Notre but dans cet ouvrage est de représenter la société sous ses points de vue ordinaires, et son passage de l’influence d’un principe dominant à un autre. Si nos efforts s’étaient bornés à représenter le travail d’un seul esprit supérieur, le tableau, quoique vrai par rapport à l’individu, aurait été faux relativement à une sociétés, puisqu’une telle étude se serait réduite à suivre les conséquences de la philosophie et de la raison, qui n’en valent pas mieux peut-être lorsqu’elles sont liées à l’humanité ; tandis que celui qui voudrait représenter le monde, ou une partie matérielle du monde, doit peindre les passions et les intérêts vulgaires avec les couleurs les plus hardies, et se contenter de tracer la partie intellectuelle comme un arrière-plan sacrifié. Nous ignorons si quelqu’un sera disposé à faire la réflexion que nos travaux doivent suggérer, et sans laquelle ils n’ont aucune utilité ; mais en même temps que nous admettons leur imperfection, nous sentons aussi que ceux qui les examineront avec calme et candeur conviendront que notre tableau ne manque pas de vérité.

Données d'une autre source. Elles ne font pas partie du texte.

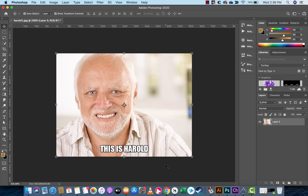Hello everybody, welcome back to another Adobe Photoshop tutorial. I'm in 2020 and it's actually not CC — it's just Adobe Photoshop 2020 now. I'm going to show you how to fix an image that's too bright, and I'm going to do it in like 90 seconds. It's really fast, really easy — a simple tutorial to come along with.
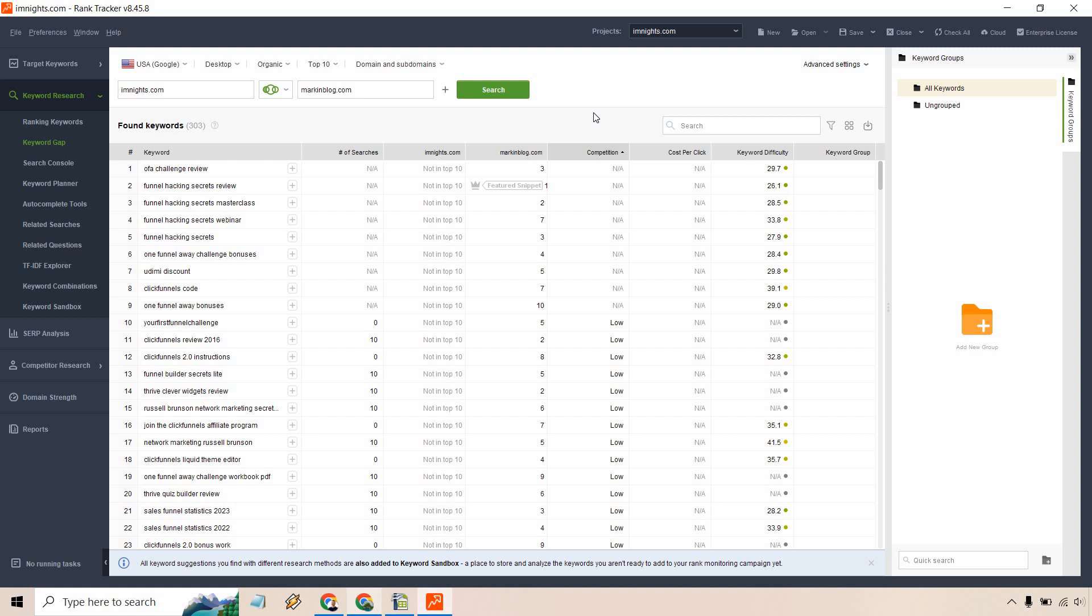But I hope I gave you a lot of ideas when it comes to the keyword gap analysis and process when it comes to SEO Power Suite. You can also utilize this, as I talked about before, with up to five different domains, so you can get a lot of data all at once if that's the way you're looking for.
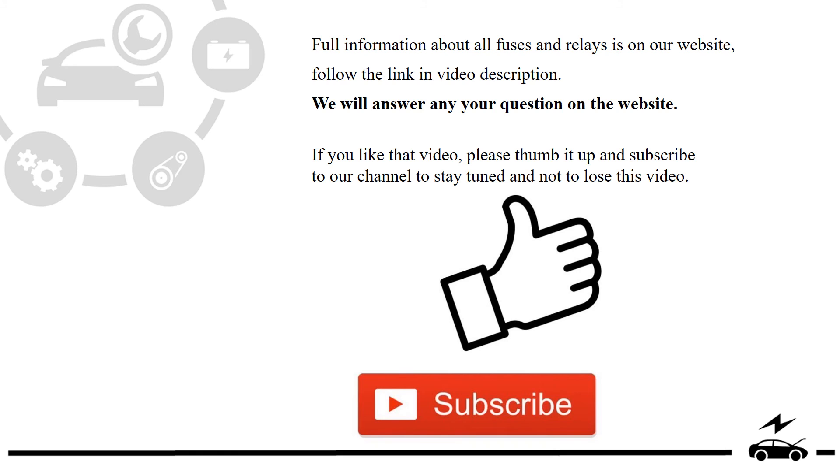Full information about all fuses and relays is on our website. Follow the link in video description. We will answer any question on the website.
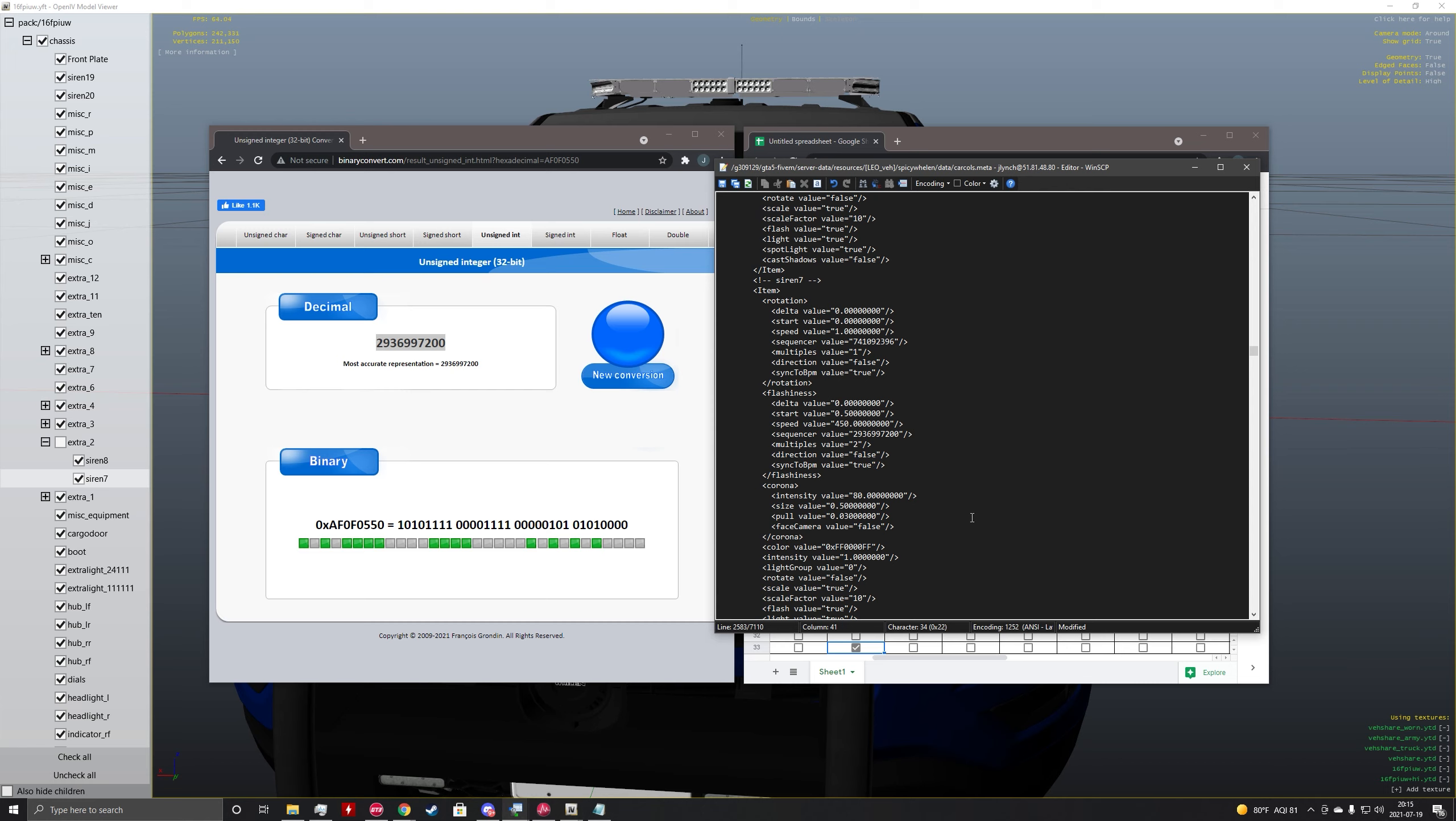So because I want to unsync these two sirens, we're going to go down to this sync to BPM value line here. And we're going to take out this true and put in false.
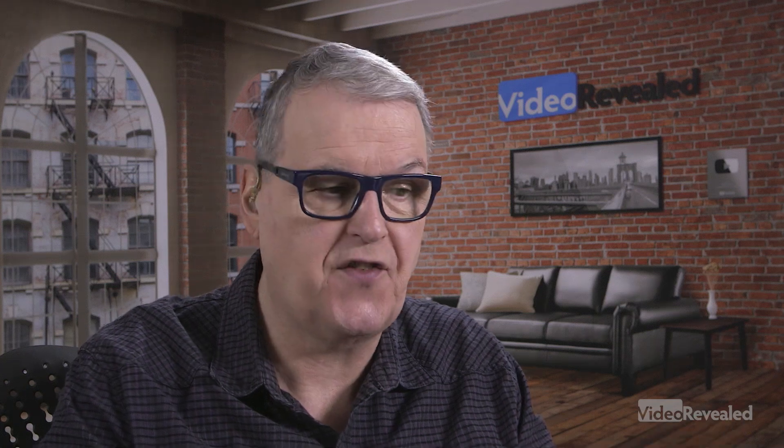They've completely revamped their website and added a bunch of things. They're constantly adding more, including a new panel inside Premiere Pro, which makes searching for things much easier. But let's look at the website first.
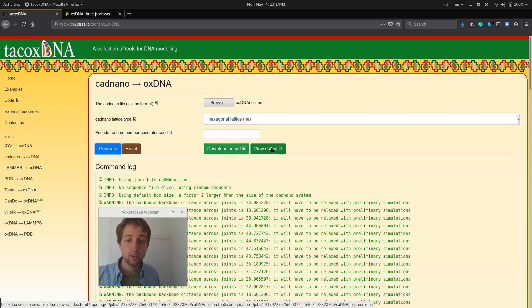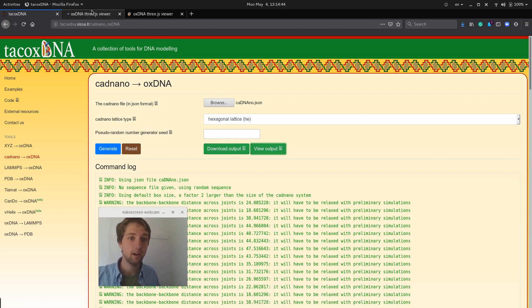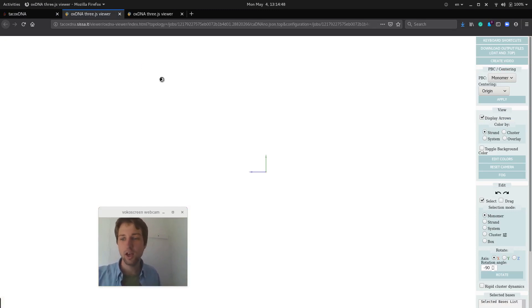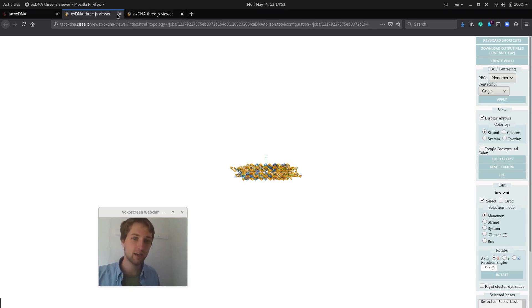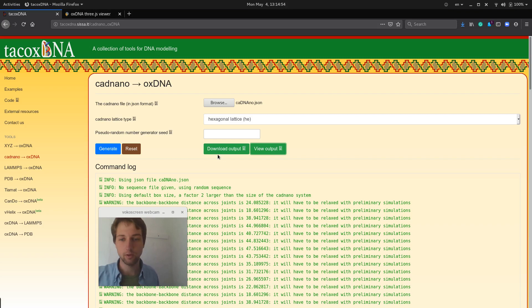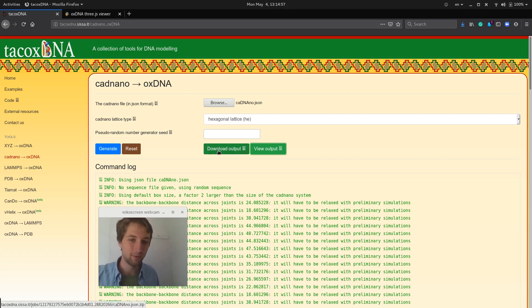One thing you could do is to view the output directly, but this will launch a slightly outdated version of OxView. So to make sure that you actually have the latest version and a downloaded version, we download it instead.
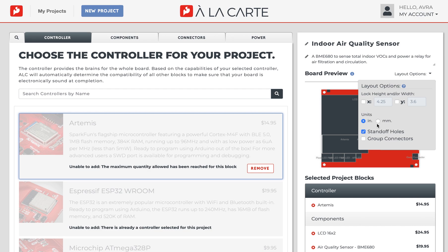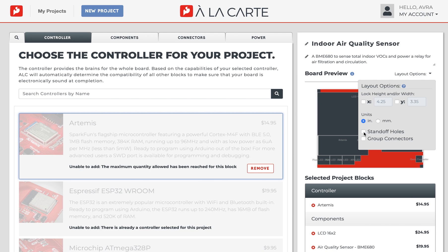By default, ALC drills standard mounting standoff holes on your board. If you don't want this, you can deselect standoff holes to remove them.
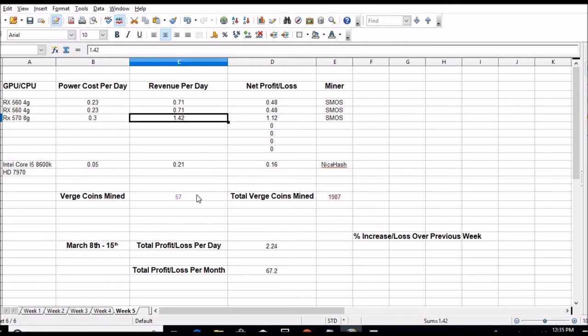So as of right now, so far this week we're at $2.24 and down to $67 a month between the two rigs.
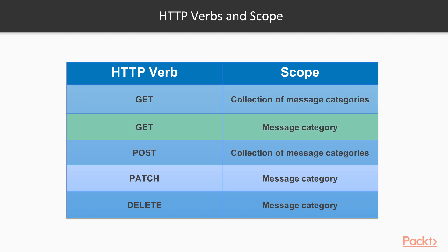GET message category will retrieve a single message category. The category must include the same information explained for each category when we retrieve a collection of message categories. POST collection of message categories will create a new message category in the collection.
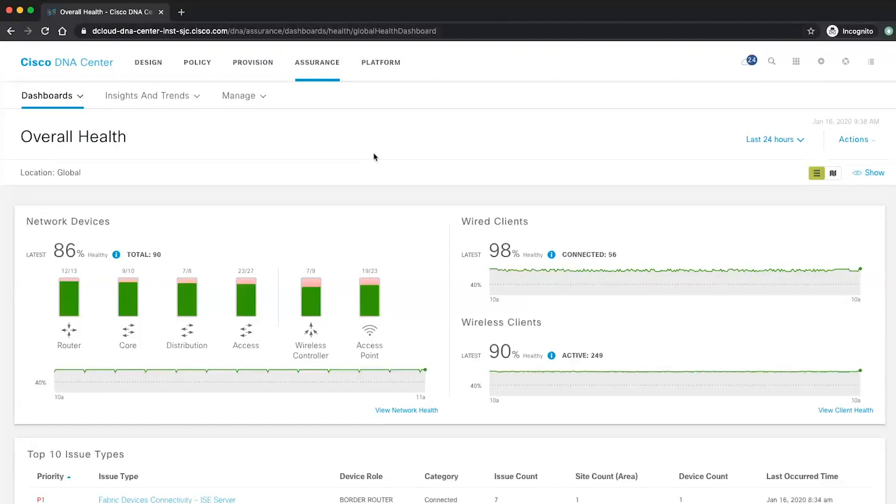So this is the DNA Center. This is the assurance tab. And this is kind of the overall dashboard.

Nous aurions écrit en vain s’il était nécessaire de nous arrêter sur la nature des pressentiments qui obsédaient l’esprit du comte et celui d’Heinrich, pendant qu’ils descendaient la montagne de Limbourg à la tête de la procession. La politique et le dessein de conserver les avantages qu’ils avaient payés si cher les occupaient, tandis que le doute et tous leurs anciens préjugés contribuaient à leur donner de la crainte.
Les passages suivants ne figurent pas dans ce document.